Mike Froom, Business Development Director for Te-Tech Process Solutions in Southampton, UK, explores the advantages of a pulsed air lift sludge pumping choice compared to conventional pumped systems.
A te-sewpas unit at Stocksbridge.
When Yorkshire Water decided to relocate Stocksbridge Wastewater Treatment Works 2km to the south to permit a major housing growth, the temporary to Mott MacDonald Bentley (MMB) was for reliability, sustainability and low operating value. The relocation additionally allowed for an improve from 13,000 population to 15,000 for the 2030 design horizon.
The new £15.65 million works consists of duty/standby fine screens, a vortex grit removal unit and two 15.5m diameter main settling tanks adopted by organic treatment in seven trickling filters with two sixteen.7m humus settlement tanks. Sludge produced in the humus settlement tanks is delivered to a chamber alongside the tanks after which flows by gravity to re-enter the process upstream of the primary settlement tanks.

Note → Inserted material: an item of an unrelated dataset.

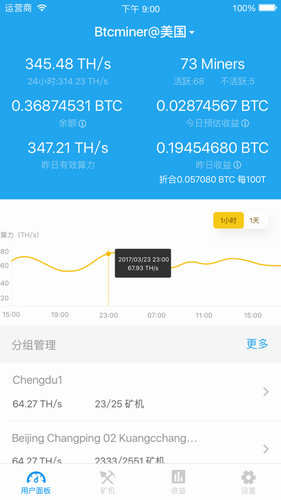 比特币交易平台数据分析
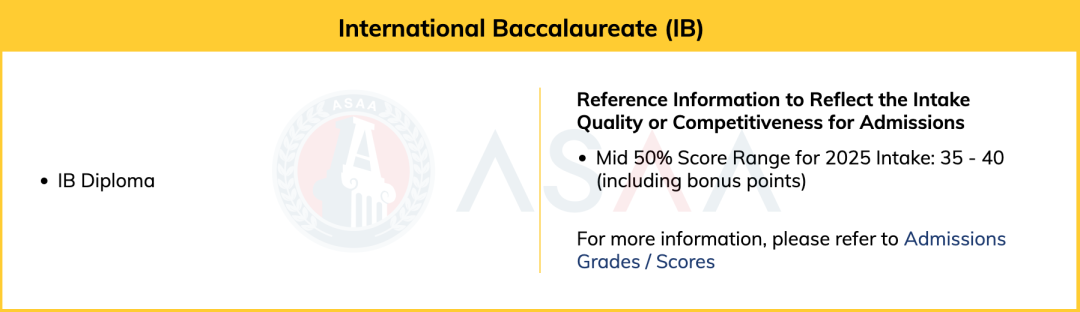 2026Fall香港科技大学本科申请条件汇总！（普高/AP/IB/AL申请要求）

Simple, low opex sludge pumping
For this crucial responsibility, MMB selected the te-sewpas pulsed air lift pump system equipped by Te-Tech Process Solutions. The self-contained unit incorporates a four.6kW duty aspect channel air blower, actuated air management valves, air manifold and management panel housed within a weatherproof GRP enclosure and is delivered to site absolutely assembled and examined. Each pulse of air lifts a quantity of sludge and discharges it from the sludge discharge pipe. A programmable timer within the PLC allows the frequency and length of desludging to be adjusted to permit the sludge to consolidate thus eliminating any potential ‘rat-holing’ and ensuring consistent desludging.
Smooth sailing may be located close to the tanks that it serves with flexible air delivery hoses routed through ducts to every of the desludge chambers. The air delivered is hot and in consequence there is no need for thermal lagging or insulation. Each te-sewpas unit can serve up to four main or humus tanks with typical individual air supply hose length as a lot as 35m.
At Stocksbridge, a single Type B te-sewpas unit with duty/standby air blowers serves the two humus tanks. Rather than utilizing the usual management panel, MMB determined to combine the te-sewpas controls into the central PLC and Te-Tech supplied a practical design specification for this objective. The challenge was accomplished in October 2019. “We’ve been utilizing the air lift techniques of varied makes on our sites for the final 20–25 years,” says Yorkshire Water’s Wastewater Asset Planning Sponsor Jan Buczylo, “The te-sewpas is especially strong and we decided to retrofit additional systems in place of typical progressive cavity pumps at both Stillington and Sutton-on-the-Forest.” Installation of those two methods was accomplished in April 2021.
Significant complete life cost savings
The te-sewpas system provides significant complete life cost financial savings when compared to standard pumped techniques. For a typical installation serving two tanks, just like the Stocksbridge challenge, primarily based on an estimated 25% reduction in the electrical energy consumption and lowered maintenance requirements, te-sewpas offers a 40% lower capital price and 50% reduction in operational price in comparison with a pumped desludge system.